I also realized it was time for a checkup of my Checkup because I did not have a focus on virtual brand and social media in the original Career Wellness Checkup. Crazy, huh?  Considering, here I am on social media talking about it.

I’m revising my Checkup as we speak and here is the first question I’m adding:

Do you know your social profile? 

In other words, do you know where you are “showing up” online?  You should know if you are on LinkedIn, Twitter, Facebook or any other social network.  But do you know what people can & do see about you there, depending on how they are connected to you or not?  And there may be information online about you that you did not put there.
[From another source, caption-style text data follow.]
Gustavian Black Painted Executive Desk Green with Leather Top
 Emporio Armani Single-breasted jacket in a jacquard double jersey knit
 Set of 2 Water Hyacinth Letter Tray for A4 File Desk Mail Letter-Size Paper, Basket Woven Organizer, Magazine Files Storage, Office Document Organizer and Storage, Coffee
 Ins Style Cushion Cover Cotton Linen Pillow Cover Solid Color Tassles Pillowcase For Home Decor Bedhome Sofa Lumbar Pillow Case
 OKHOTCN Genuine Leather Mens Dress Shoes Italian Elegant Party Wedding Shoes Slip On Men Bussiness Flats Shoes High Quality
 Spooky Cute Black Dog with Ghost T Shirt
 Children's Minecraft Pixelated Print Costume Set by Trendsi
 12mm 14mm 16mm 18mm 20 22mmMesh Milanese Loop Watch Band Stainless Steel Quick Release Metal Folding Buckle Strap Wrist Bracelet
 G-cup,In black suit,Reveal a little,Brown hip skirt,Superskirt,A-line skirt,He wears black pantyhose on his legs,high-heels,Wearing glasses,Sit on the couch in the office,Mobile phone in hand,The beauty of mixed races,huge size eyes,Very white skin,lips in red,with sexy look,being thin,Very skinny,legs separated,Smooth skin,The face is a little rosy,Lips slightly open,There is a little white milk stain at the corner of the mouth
Here’s a fun exercise: Google yourself. If you have a common name, add the name of your city or your company to your search.  You might be surprised at what comes up.

Recruiters, potential clients, potential employers and employees – they all have access to information about you, just clicks away.  What will they see?  Next week, I’ll talk about taking control of your social profile.

CWC #12

Do you know colleagues within your company but outside your workteam?

Too many people downplay and even look down on the idea of proactively getting to know others within their company with whom they don’t directly work.

“I don’t socialize at work.”

“I don’t play politics.” 

“That’s just wasting time.”

These are a few excuses people give.  Yes, I say excuses, because often what I find out is that they are simply uncomfortable reaching out and initiating communication and this is how they justify not doing so. Sometimes I find people are simply unaware of how important relationships are in business.

Talking to more people in more areas of your business gives you a broader perspective, which generally makes your solutions better.  You also may have an easier time gaining approval for your solutions if you have more advocacy particularly across departmental lines.  And, you just may be able to give not just get, and help your organization in the process.  Overall, it helps you to be more effective across the board.  Could you be more effective than you are today?